(The task) For the records below, output word for word the lines from the one with "Load image into" up to and including the one with "Bullring Birmingham". No pictures.

[Caption-style text data]
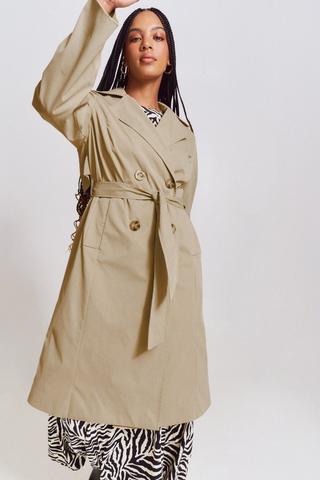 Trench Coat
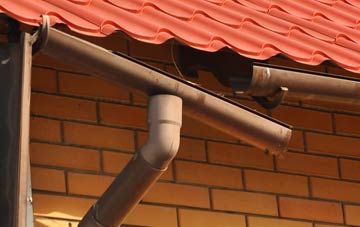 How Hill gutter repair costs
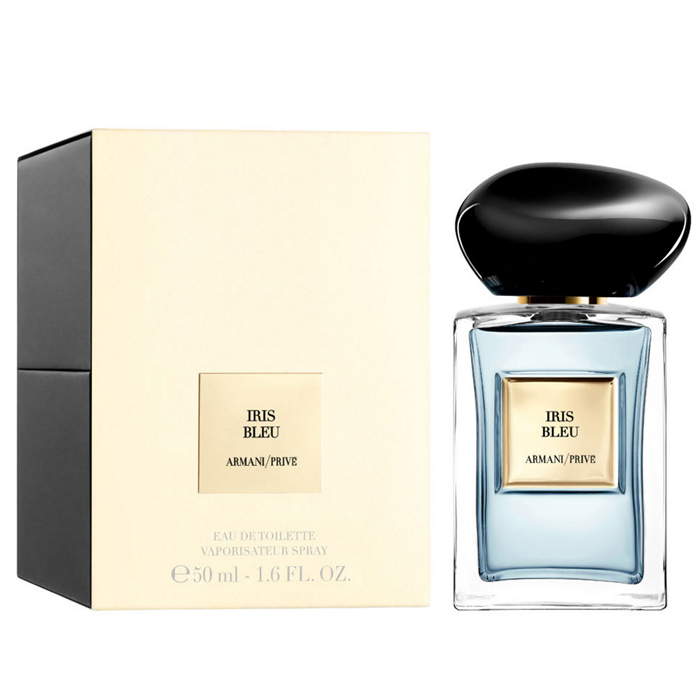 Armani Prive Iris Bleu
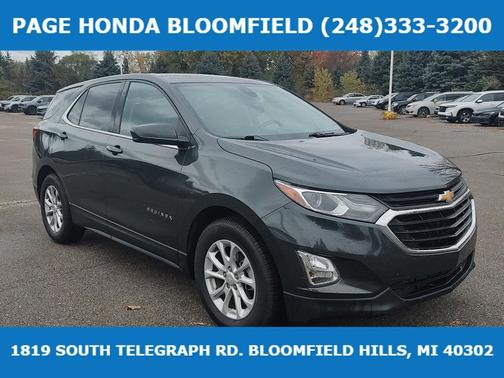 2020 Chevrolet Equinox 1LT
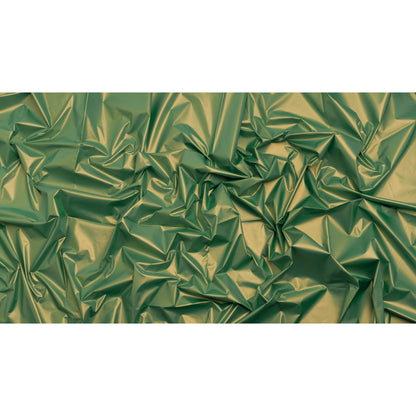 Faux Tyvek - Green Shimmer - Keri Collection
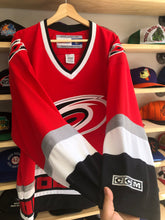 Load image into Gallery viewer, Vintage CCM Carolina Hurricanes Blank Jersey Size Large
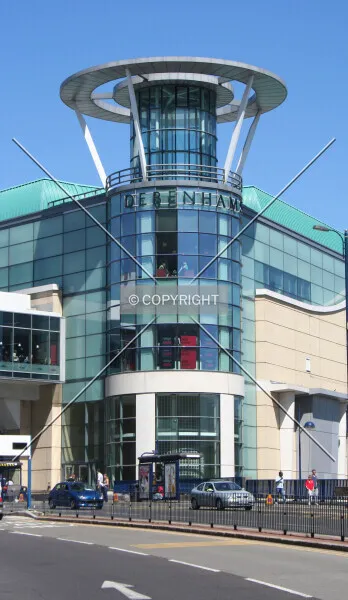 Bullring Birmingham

---

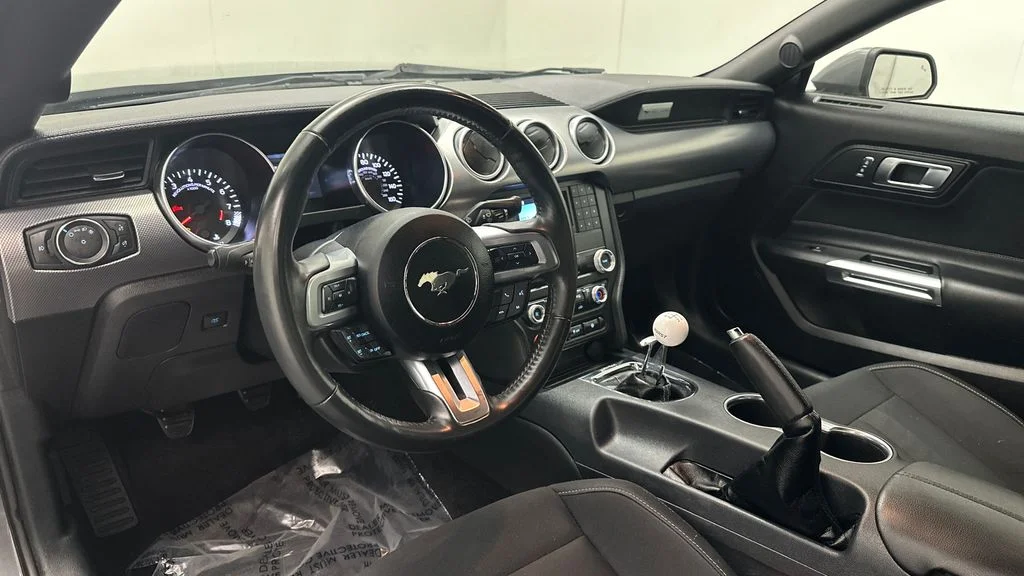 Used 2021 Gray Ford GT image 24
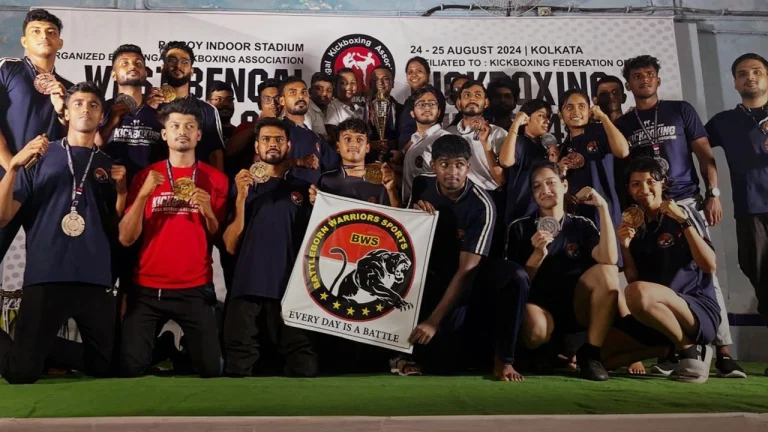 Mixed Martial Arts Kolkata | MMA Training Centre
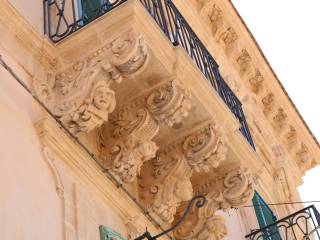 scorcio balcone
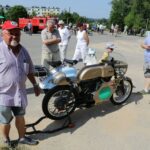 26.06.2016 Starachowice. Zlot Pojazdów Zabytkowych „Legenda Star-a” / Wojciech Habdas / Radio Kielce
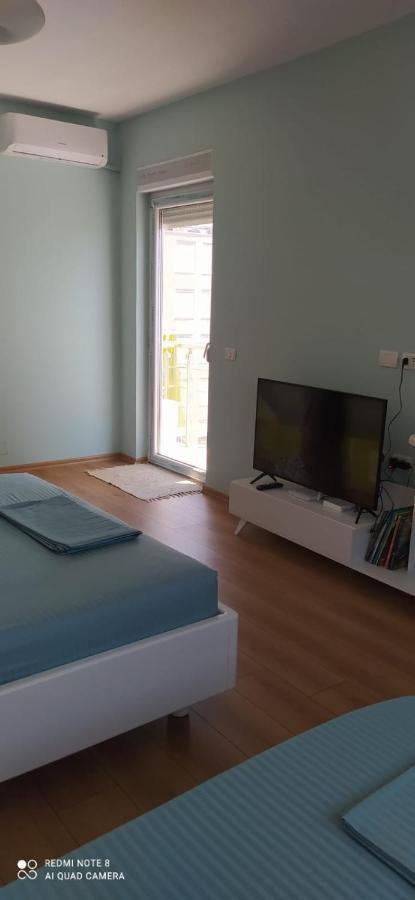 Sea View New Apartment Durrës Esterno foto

(Response)
 Load image into Gallery viewer, Vintage CCM Carolina Hurricanes Blank Jersey Size Large
 Bullring Birmingham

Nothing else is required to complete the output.